* Exercise *
Once you find the line with "So this is the" in the listing below, set down exactly every line from it through the line with "Sorry guys, my", but no pictures.

* Entries shown *
******************************

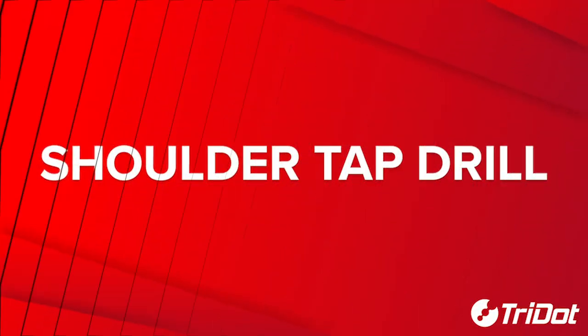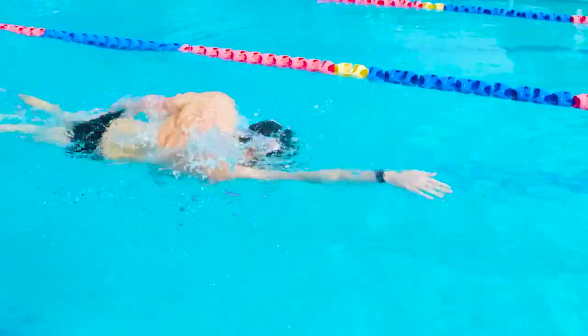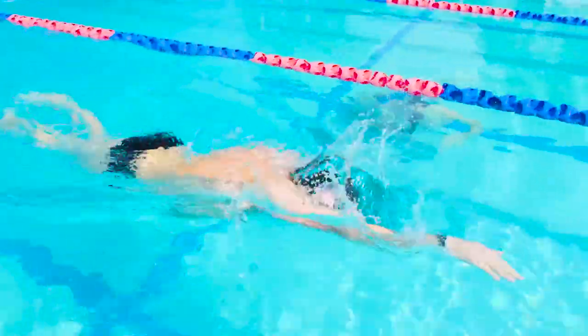So with me on deck and Brendan in the pool, today we're going to show you the shoulder tap drill. The purpose is to help develop body roll and high elbow recovery. This drill is best done using fins. Begin with normal freestyle stroke.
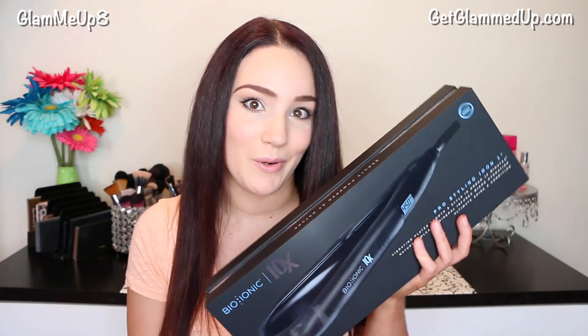So this is the Bio Ionic 10x Pro Styling Iron. This is a 1 inch. This has vibrating plates for smooth styling in under 10 minutes, natural volcanic mineral infused microhydration, ultimate shine and condition. This is available at Sephora.com too.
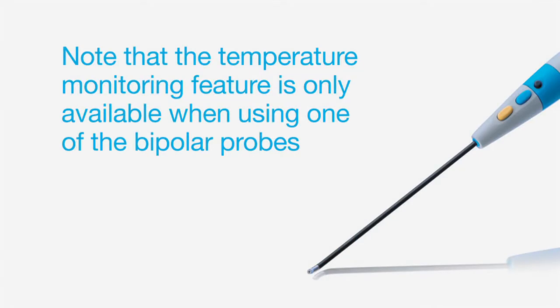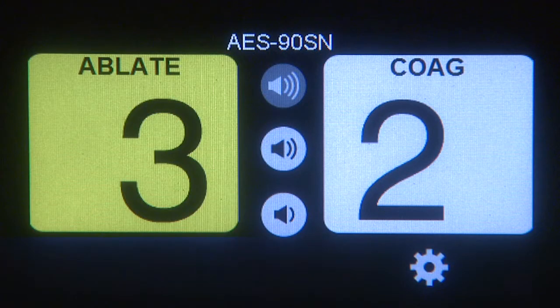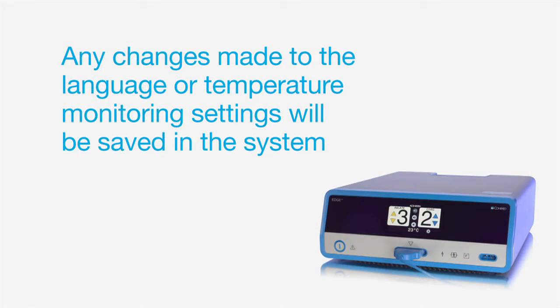Note that the temperature monitoring feature is only available when using one of the bipolar probes. When the selected temperature is reached, an alert will sound. The alert is for information purposes only, as the system will not reduce or shut off power based on the temperature. Any changes made to the language or temperature monitoring settings will be saved in the system, even when powered down, until adjusted by the user.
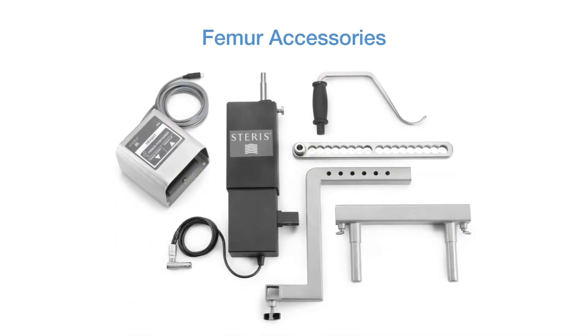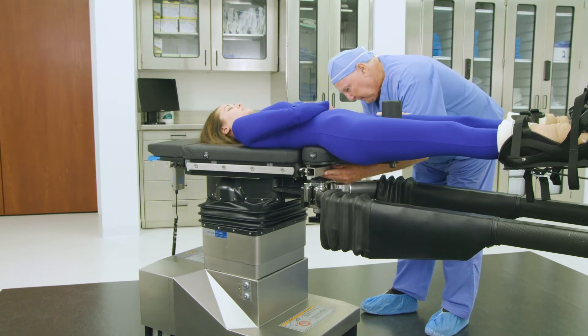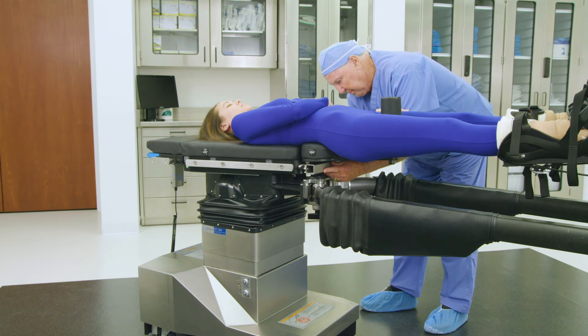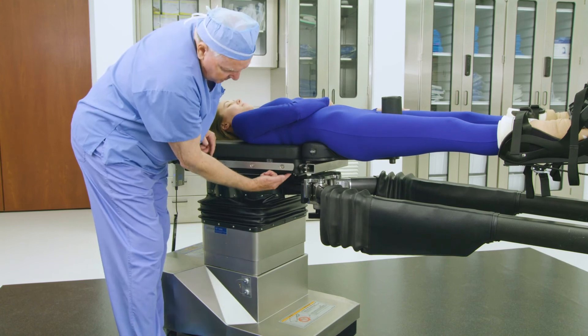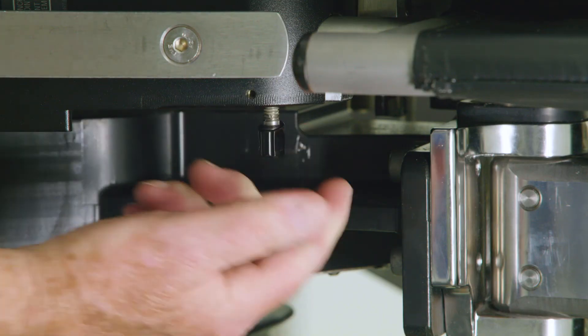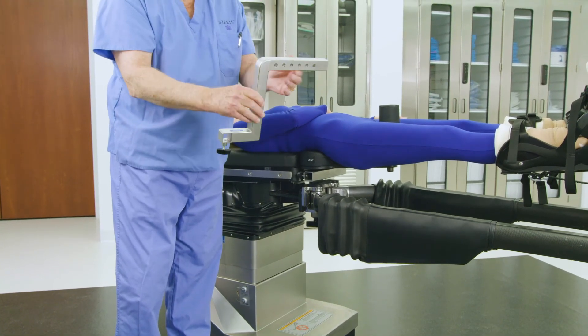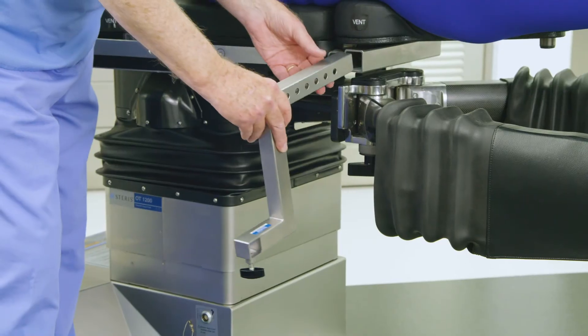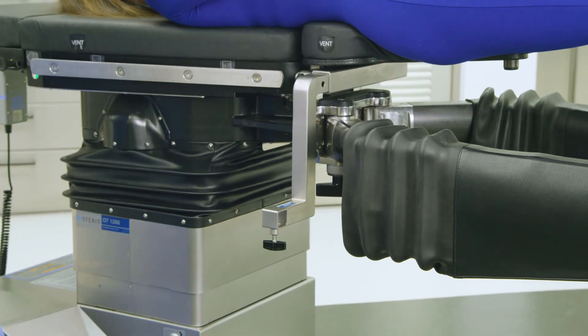For anterior approach total hip arthroplasties, a femur lift assembly is employed to position and articulate the operative femur. The setup involves six components. Select the femur drive table attachment and align its two plungers with the mating holes just above the abductor spar rosettes. Ensure the locked T-handles are in the fully open position, then push the femur drive table attachment into the mating holes until the posts bottom out. Tighten the T-handles to secure. Select the femur drive S-bracket attachment and insert it into the femur drive table attachment on the operative side. There is no need to adjust or tighten the S-bracket at this time.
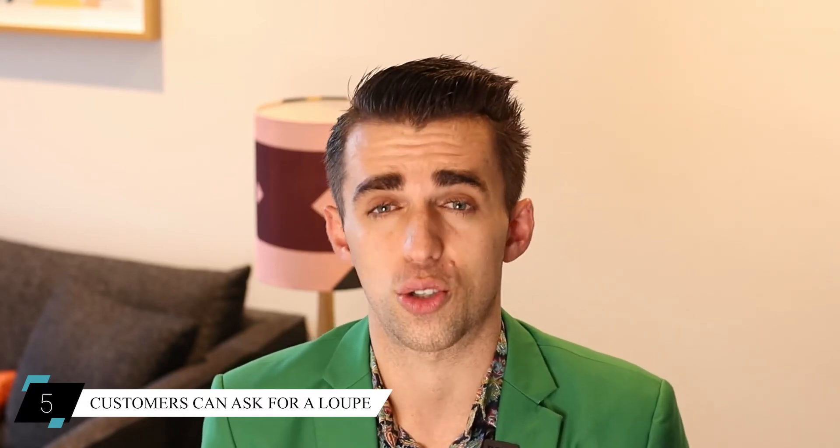Tip number five is proof that you're not trying to hide anything. Maybe a customer says they've done their research and asks if you have a loupe so they can take a look. Some people will ask you that question. It can sometimes be amusing because when you hand the loupe to the person, they might not be using it correctly and won't really be able to see anything — it'll just look like a blur. But by you having that loupe in the store to give to that person, it is proof and evidence that you're not hiding anything from them.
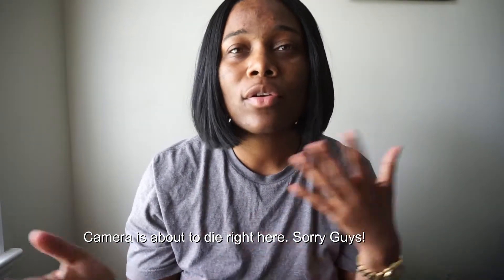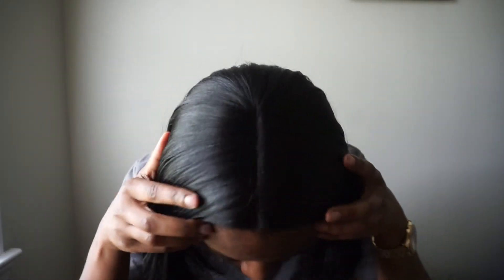Sorry guys, my camera died — I don't even remember what I last said. But one more thing I wanted to add: the density in this wig is really full. It does shed if you comb it — you'll get some strands — but that's completely normal for synthetic wigs, so don't be alarmed. Everything's not going to fall out.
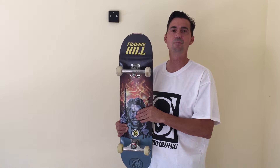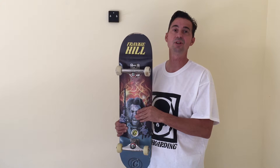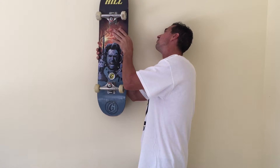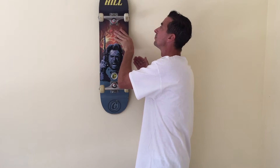Just slide the complete with the mounted truck through the posts and done. The ability to even hang a complete is achieved by Skate Hoarding's incredibly robust mounting base design and exacting threaded posts that actually slide and fit through all skateboards, even completes.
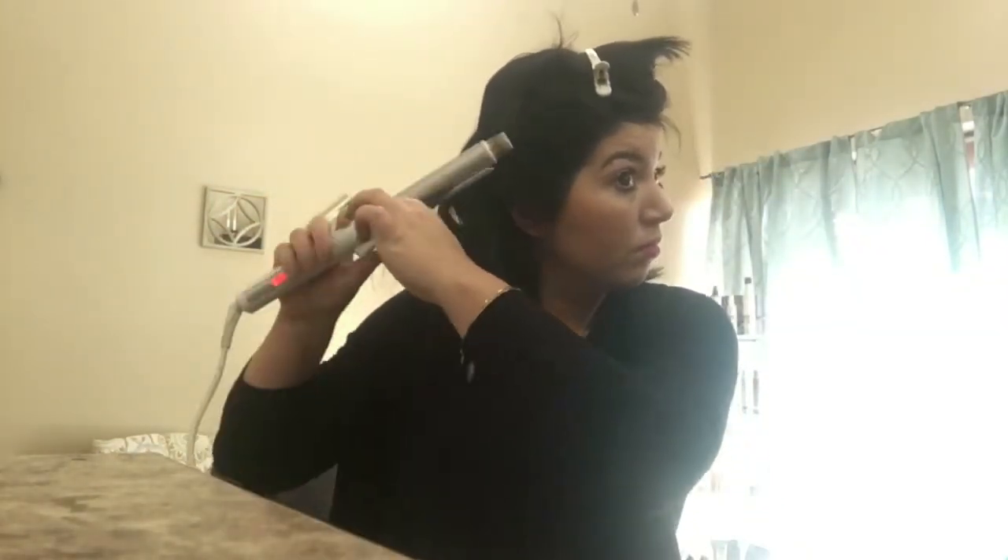I took about half my head sectioned out to start with, and I'm just making my way around, taking roughly one-inch sections. My hair is really short underneath, so I just made sure there was some sort of a bend. I'm working my way around and I'm going to use a lot of texture throughout, so it's okay if not every single piece is perfect.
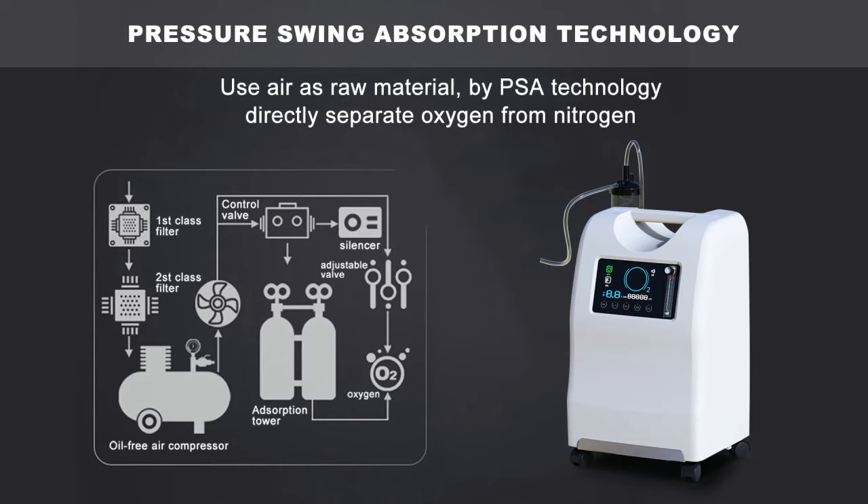How can the oxygen concentrator produce such high oxygen concentration? It uses air as raw material via PSA technology, directly separating oxygen from nitrogen.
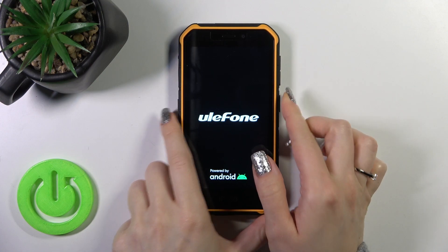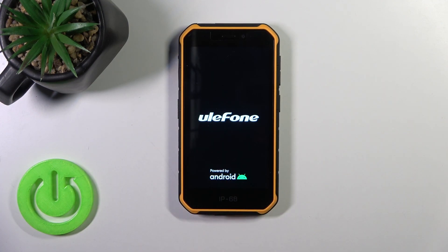After the vibration we could see that the screen lights up the Ulefone and Android logo, so this means that our device is turned on. Thank you for watching and if you like this video leave thumbs up and subscribe our channel.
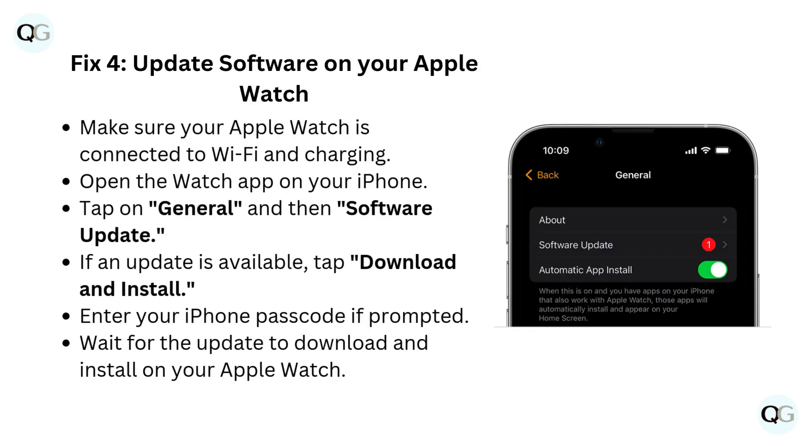Fix 4: Update software on your Apple Watch. Make sure your Apple Watch is connected to Wi-Fi and charging. Open the Watch app on your iPhone. Tap on General, and then Software Update. If an update is available, tap Download and Install. Enter your iPhone passcode if prompted. Wait for the update to download and install on your Apple Watch.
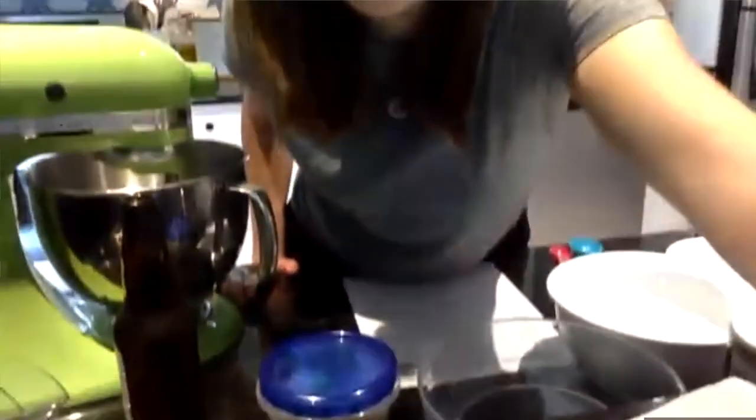I think the best way to do this would be to lay out our supplies, so I'm gonna do that now. I've already got my supplies laid out. I need water, I need yeast. I have the stuff ready.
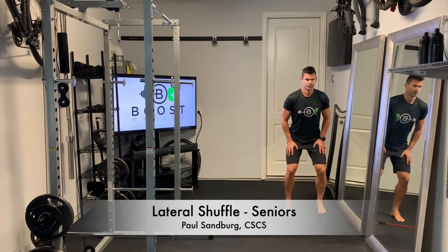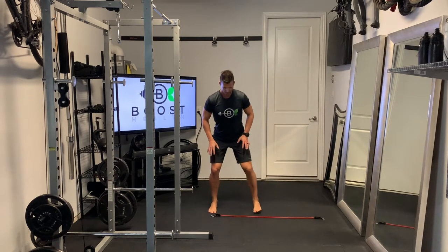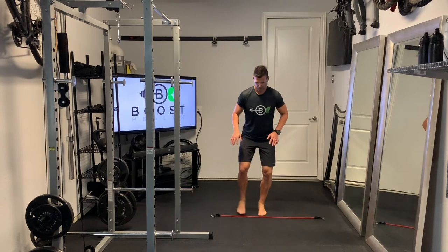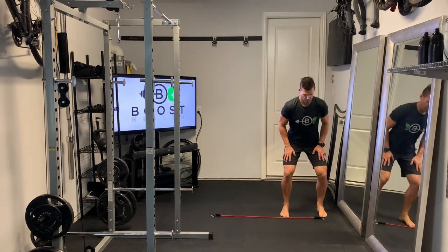Here's another lateral agility drill to get our heart rate up a little bit. We're just going to shuffle laterally, feet together. You can use a little rope or line on the floor for reference. And just do a little mini squat as we get to the other side.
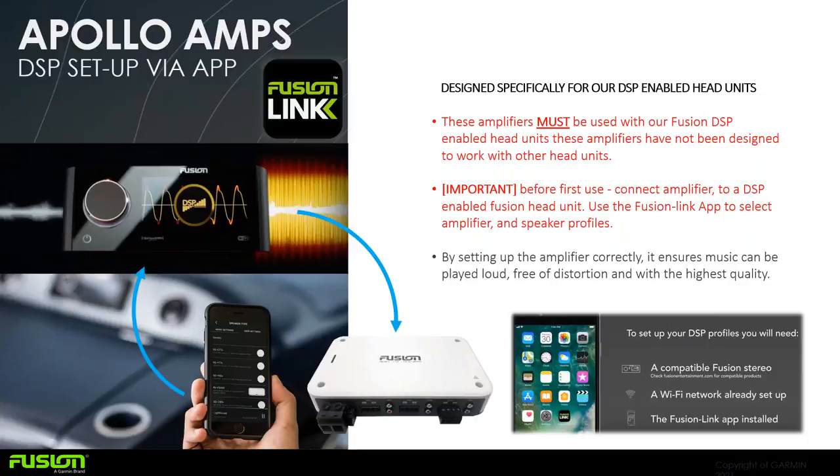You want to pair these up with your Apollo amps, your Apollo head units or the RA-210, then download the Fusion Link app. The Fusion Link app lets you control your stereo and do your DSP setup. These amplifiers must be used with Fusion head units that have DSP included. Download the app, pair it with a compatible Fusion stereo, connect it to Wi-Fi, and then go into the DSP setup.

******************************

* Solution for this exercise *
So this is the Bio Ionic 10x Pro Styling Iron. This is a 1 inch. This has vibrating plates for smooth styling in under 10 minutes, natural volcanic mineral infused microhydration, ultimate shine and condition. This is available at Sephora.com too.
Note that the temperature monitoring feature is only available when using one of the bipolar probes. When the selected temperature is reached, an alert will sound. The alert is for information purposes only, as the system will not reduce or shut off power based on the temperature. Any changes made to the language or temperature monitoring settings will be saved in the system, even when powered down, until adjusted by the user.
For anterior approach total hip arthroplasties, a femur lift assembly is employed to position and articulate the operative femur. The setup involves six components. Select the femur drive table attachment and align its two plungers with the mating holes just above the abductor spar rosettes. Ensure the locked T-handles are in the fully open position, then push the femur drive table attachment into the mating holes until the posts bottom out. Tighten the T-handles to secure. Select the femur drive S-bracket attachment and insert it into the femur drive table attachment on the operative side. There is no need to adjust or tighten the S-bracket at this time.
Tip number five is proof that you're not trying to hide anything. Maybe a customer says they've done their research and asks if you have a loupe so they can take a look. Some people will ask you that question. It can sometimes be amusing because when you hand the loupe to the person, they might not be using it correctly and won't really be able to see anything — it'll just look like a blur. But by you having that loupe in the store to give to that person, it is proof and evidence that you're not hiding anything from them.
Sorry guys, my camera died — I don't even remember what I last said. But one more thing I wanted to add: the density in this wig is really full. It does shed if you comb it — you'll get some strands — but that's completely normal for synthetic wigs, so don't be alarmed. Everything's not going to fall out.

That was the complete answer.